:: Task item ::
Without including any pictures, reproduce the full listing exactly.

:: Records for this exercise ::
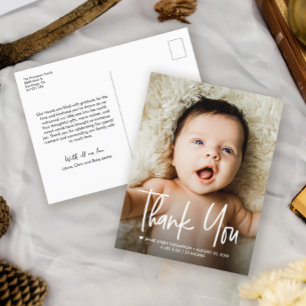 Carte Postale Faire-part Photo de bébé en écriture manuscrite Merci Naissan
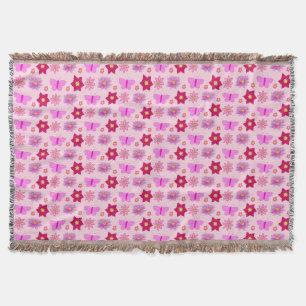 Pink Baby Girl Butterflies and Flowers Patterned Throw Blanket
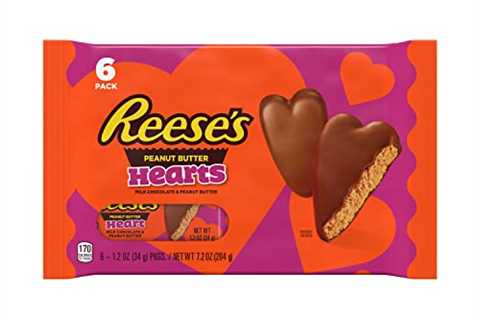 REESE’S Milk Chocolate Peanut Butter Hearts Candy, Valentine’s Day, 1.2 oz Packs (6 Count)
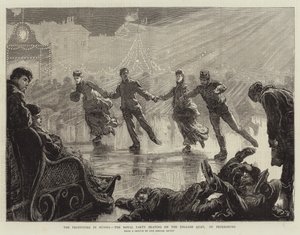 The Festivities in Russia, the Royal Party Skating on the English Quay, St Petersburg (engraving) بواسطة مدرسة اللغة الإنجليزية
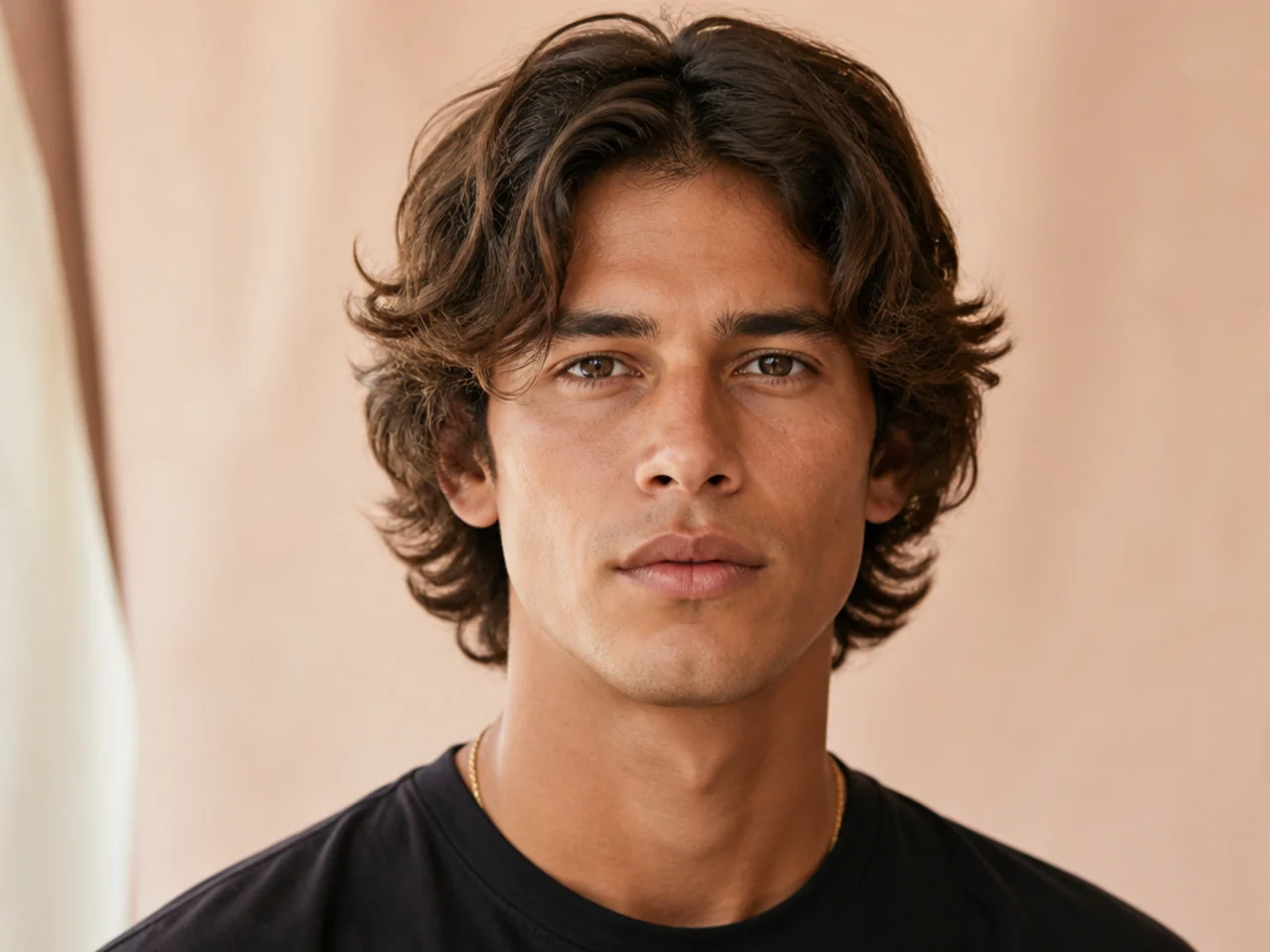 Medium surfer cut with tousled waves and sun-lightened tips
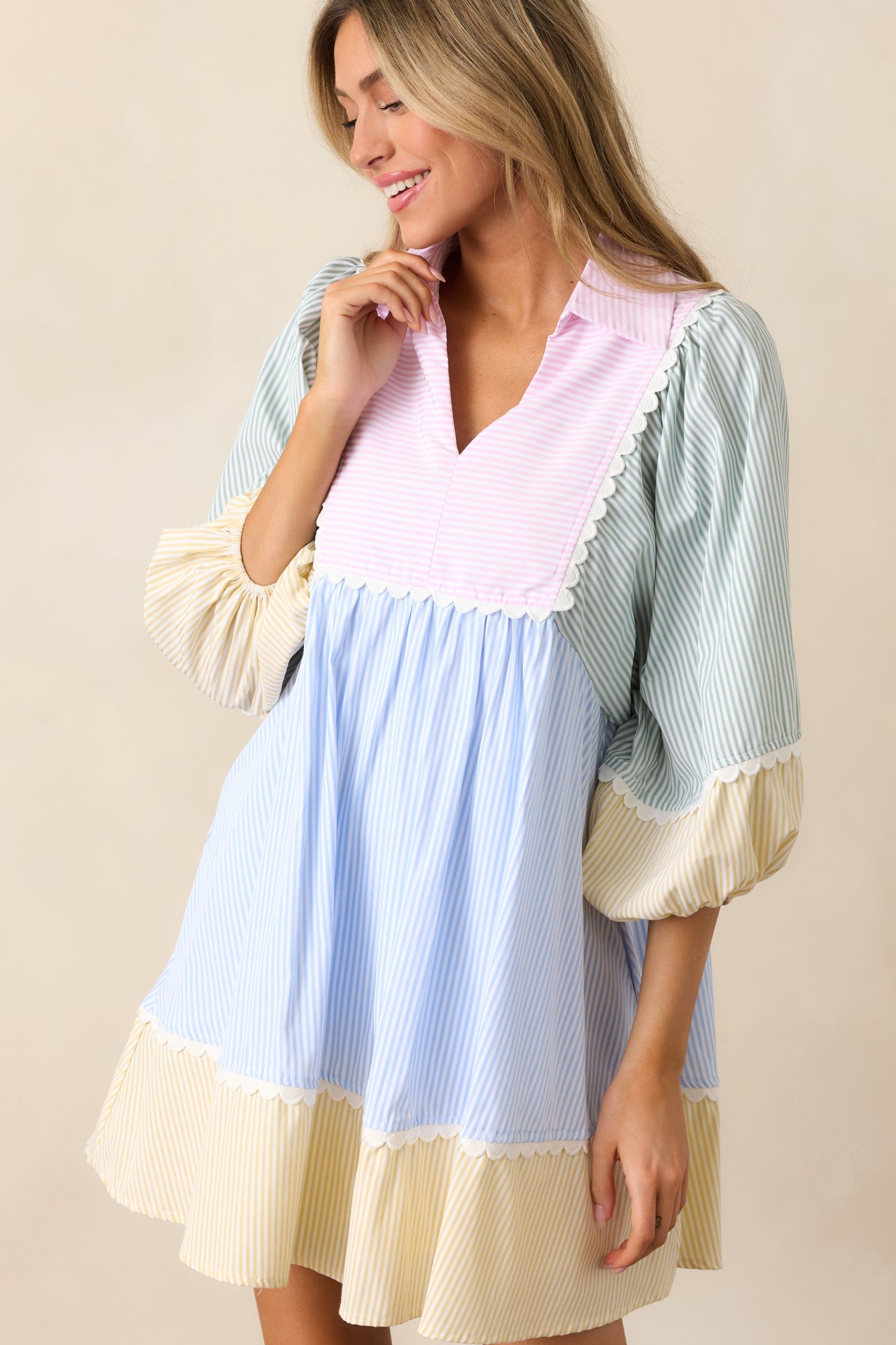Afternoon Drink Pink Multi Stripe Mini Dress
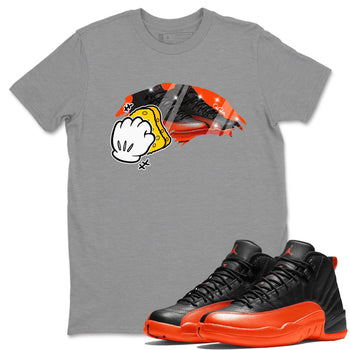 Air Jordan 12 Brilliant Orange Sneaker Match Tees Wiping Sneaker Tees AJ12 Brilliant Orange Sneaker Release Tees Unisex Shirts Heather Grey 1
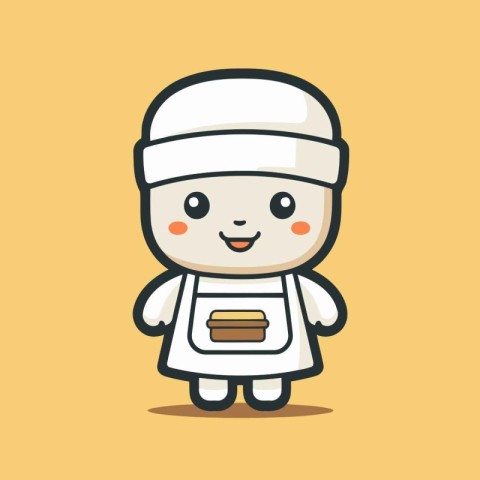 Cute chef cartoon character vector illustration. Cute chef icon.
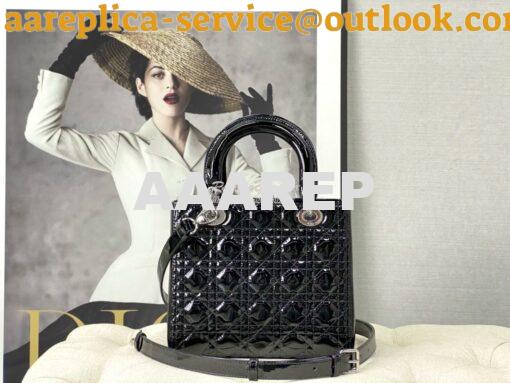 Replica Dior Small Lady Dior Bag Cannage Patent Calfskin M0531 Black w 9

:: Exercise solution ::
 Carte Postale Faire-part Photo de bébé en écriture manuscrite Merci Naissan
 Pink Baby Girl Butterflies and Flowers Patterned Throw Blanket
 REESE’S Milk Chocolate Peanut Butter Hearts Candy, Valentine’s Day, 1.2 oz Packs (6 Count)
 The Festivities in Russia, the Royal Party Skating on the English Quay, St Petersburg (engraving) بواسطة مدرسة اللغة الإنجليزية
 Medium surfer cut with tousled waves and sun-lightened tips
Afternoon Drink Pink Multi Stripe Mini Dress
 Air Jordan 12 Brilliant Orange Sneaker Match Tees Wiping Sneaker Tees AJ12 Brilliant Orange Sneaker Release Tees Unisex Shirts Heather Grey 1
 Cute chef cartoon character vector illustration. Cute chef icon.
 Replica Dior Small Lady Dior Bag Cannage Patent Calfskin M0531 Black w 9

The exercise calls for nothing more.